* Problem requirements
Every line from the one with "Item preview, Science" through the last line below should be repeated exactly; pictures stay out of the copy.

━━ Data shown

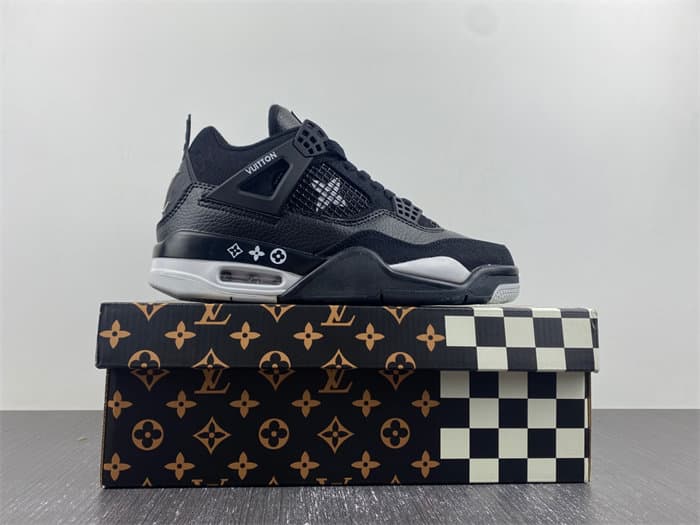 Air JRD 4 x L X V LV6927-001
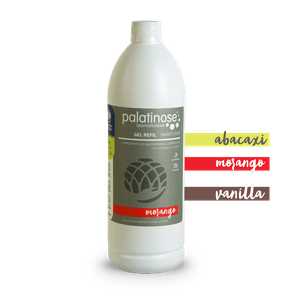 Palatinose Refil De Abacaxi 900Ml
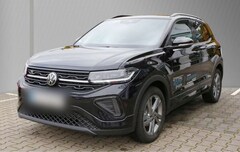 Bild des Angebotes VW T-Cross R-Line 1.5 TSI 7-Gang-DSG Black Style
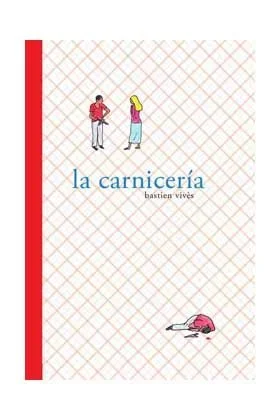 LA CARNICERIA (SIN COLECCION)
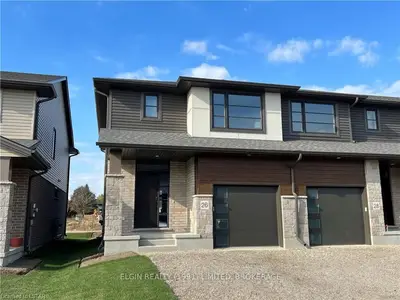26 Martin Street, Tillsonburg, On N4g 0k8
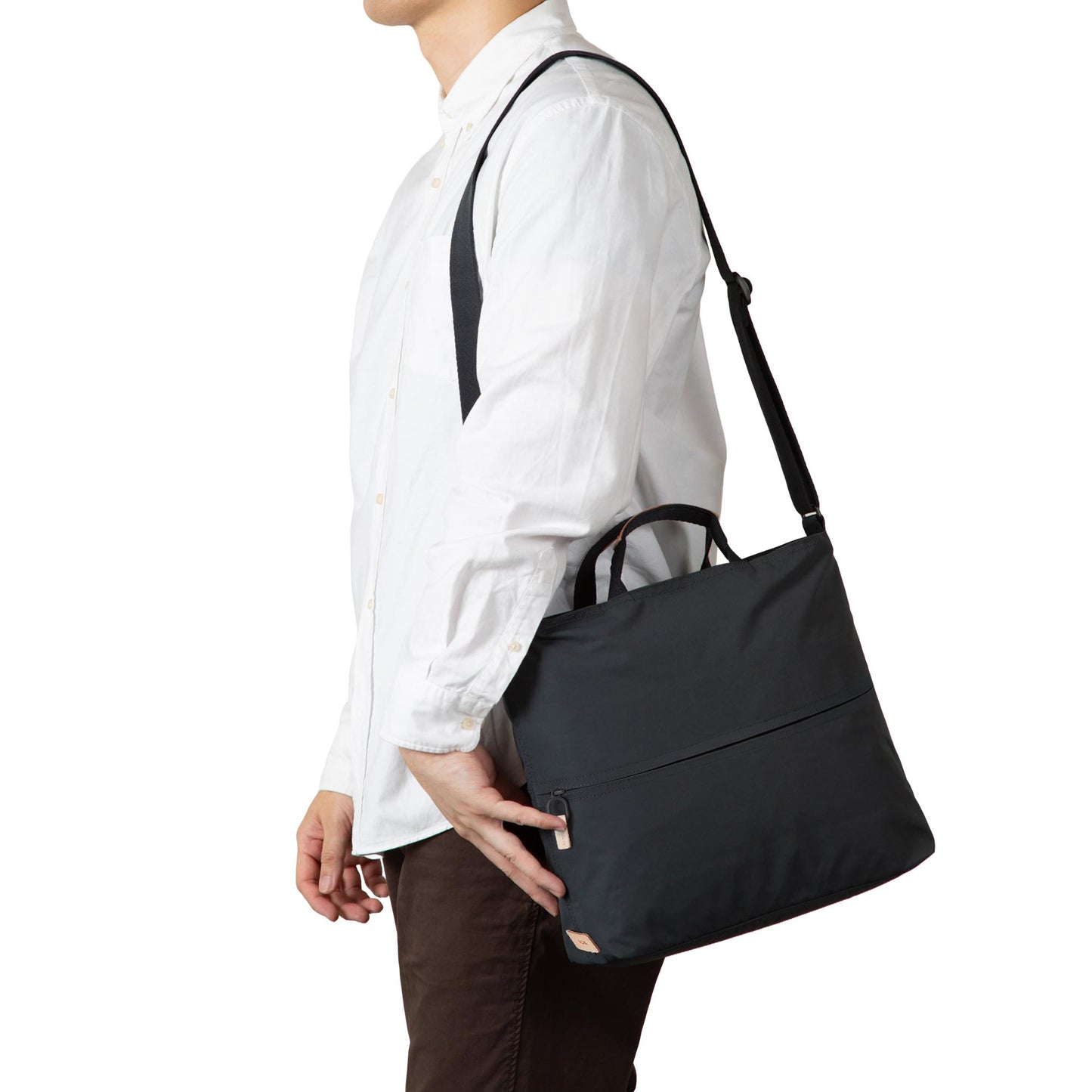 SPORVEL 3 Crossbody Medium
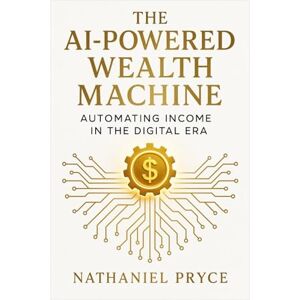 Pryce, Nathaniel The AI-Powered Wealth Machine: Automating Income in the Digital Era Pryce, Nathaniel The AI-Powered Wealth Machine: Automating Income in the Digital Era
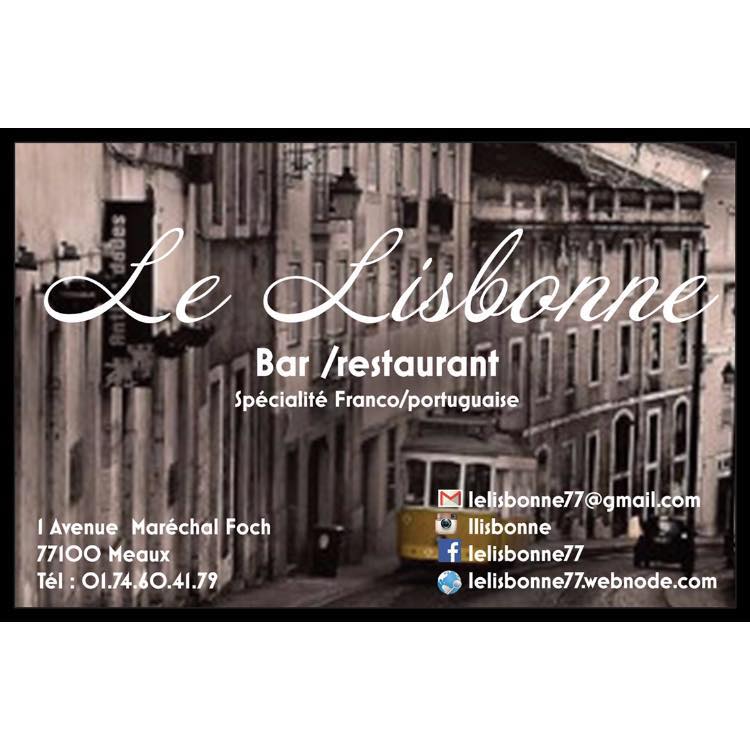 Le Lisbonne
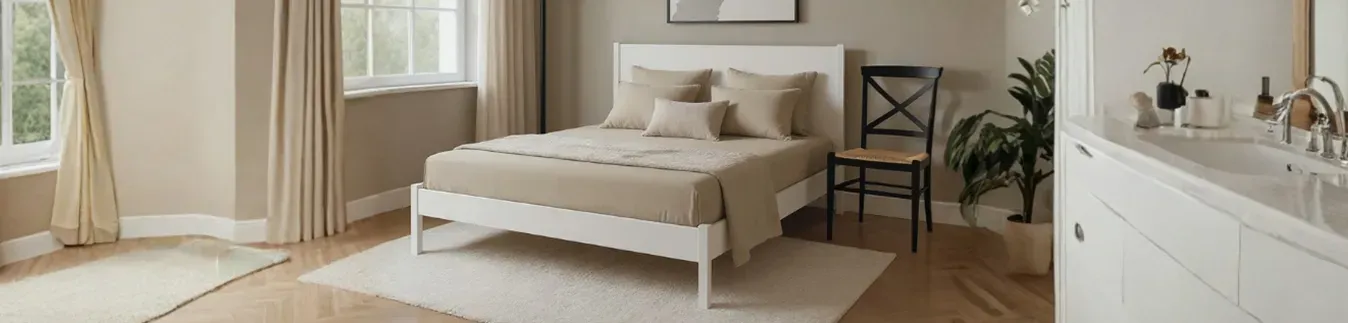 Letti Classici | Marca Design Shop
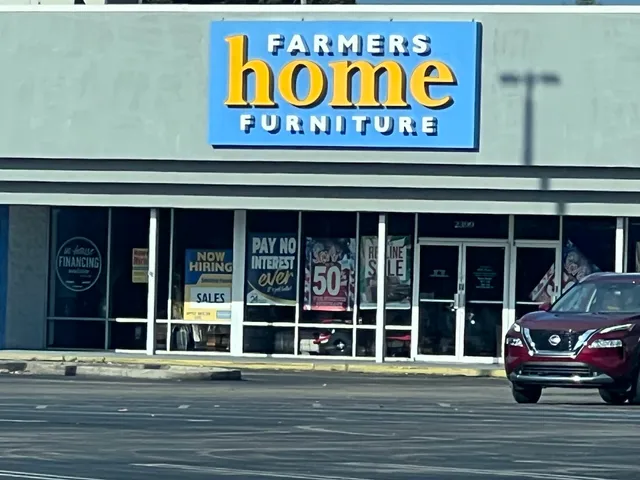 Farmers Home Furniture | Orange City, FL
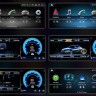 Штатная магнитола Mercedes-Benz Sprinter 2018+ экран 7 дюймов Carmedia MRW-7821 Android 4G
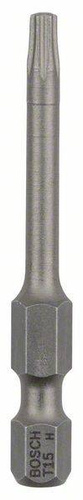 Końcówka wkręcająca Extra Hart T15x49 Bosch 2607001634 - obrazek 1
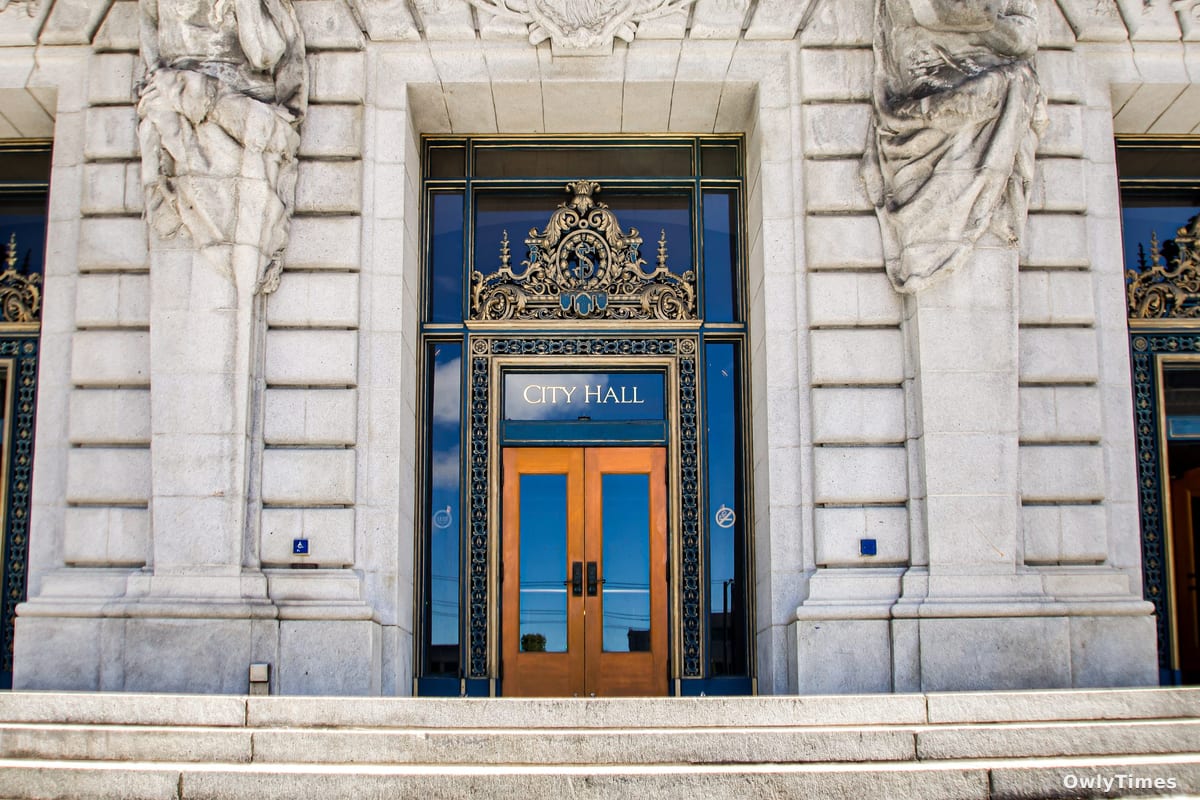 SF Health Department to Cut $40 Million and 121 Staff Positions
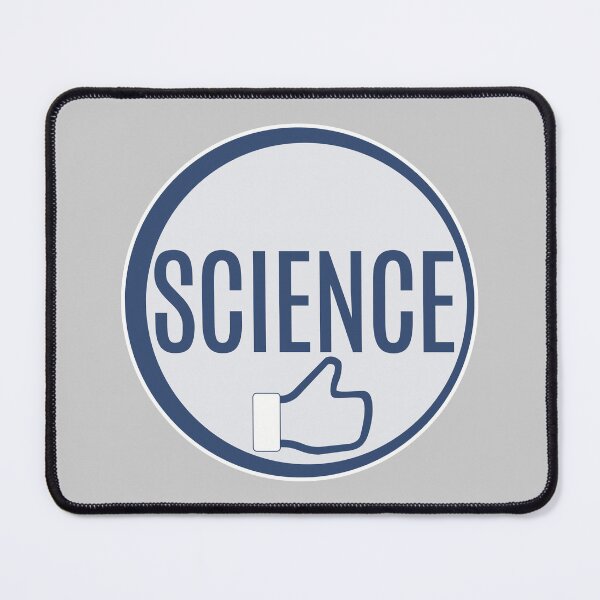 Item preview, Science Thumbs Up and FTW designed and sold by MoePark.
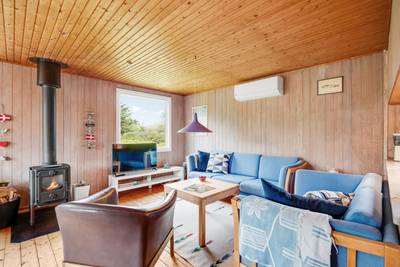 Vorschaubild von Ferienhaus YK81 in Grønhøj - Løkken - Nordjütland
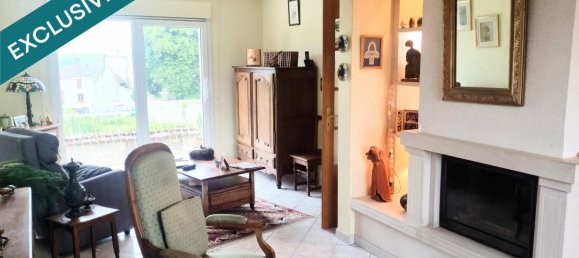 Дом с 4 спальнями в Маттенкур, Франция № 79822 18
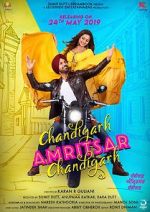 Watch Chandigarh Amritsar Chandigarh M4uhd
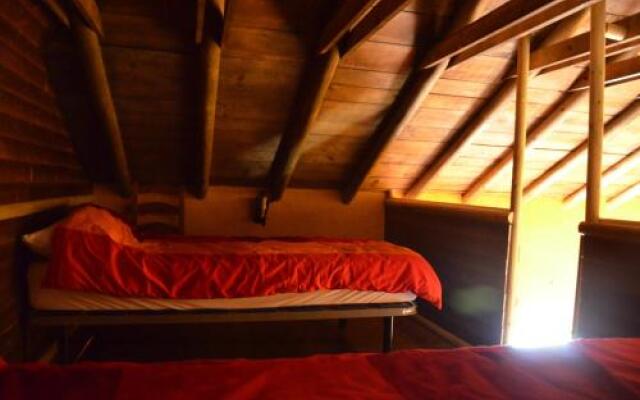 Complejo Rural El Molinillo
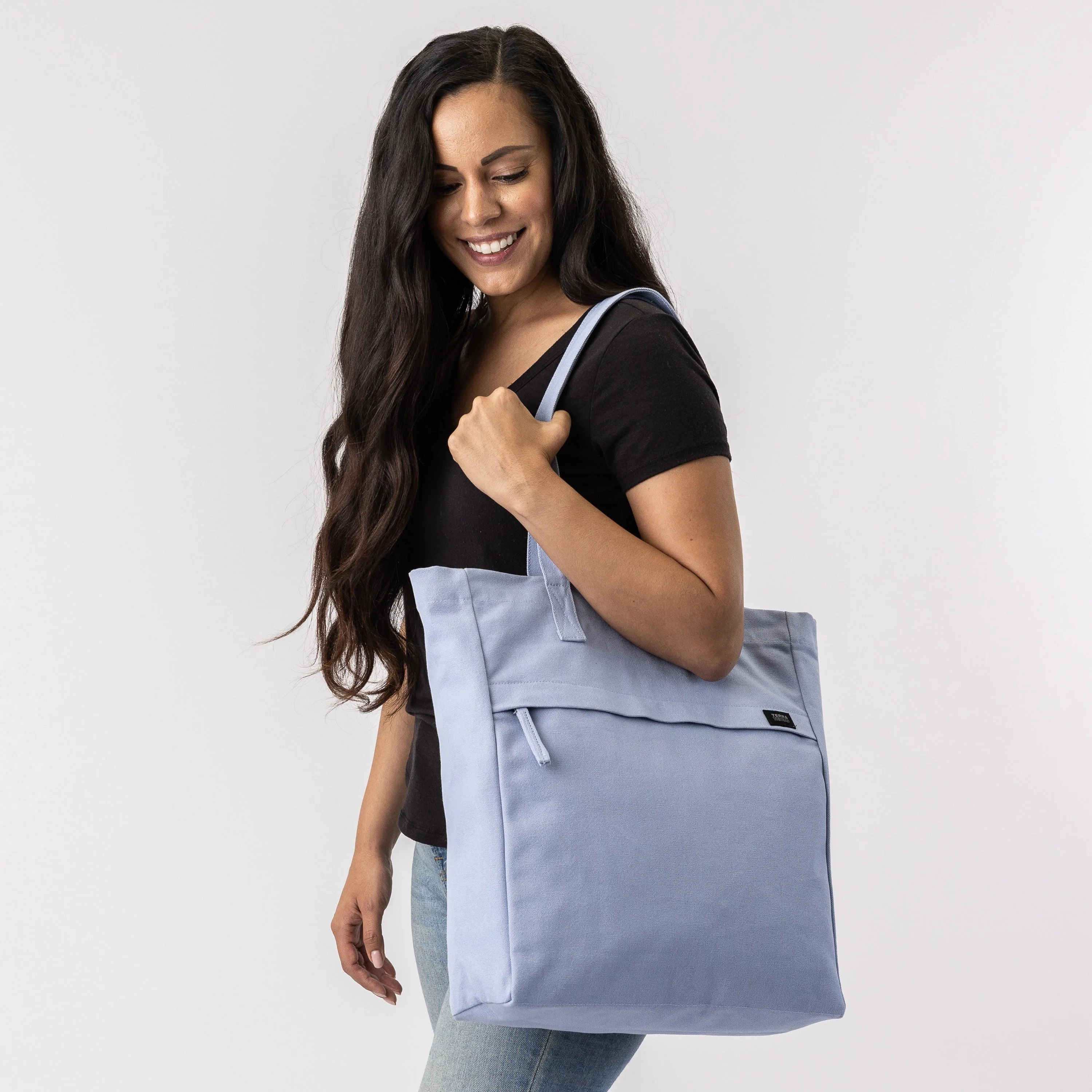 Executive Work Tote Bag (12 Color Options) - Image 49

━━━━

* Answer to the problem
 Item preview, Science Thumbs Up and FTW designed and sold by MoePark.
 Vorschaubild von Ferienhaus YK81 in Grønhøj - Løkken - Nordjütland
 Дом с 4 спальнями в Маттенкур, Франция № 79822 18
 Watch Chandigarh Amritsar Chandigarh M4uhd
 Complejo Rural El Molinillo
 Executive Work Tote Bag (12 Color Options) - Image 49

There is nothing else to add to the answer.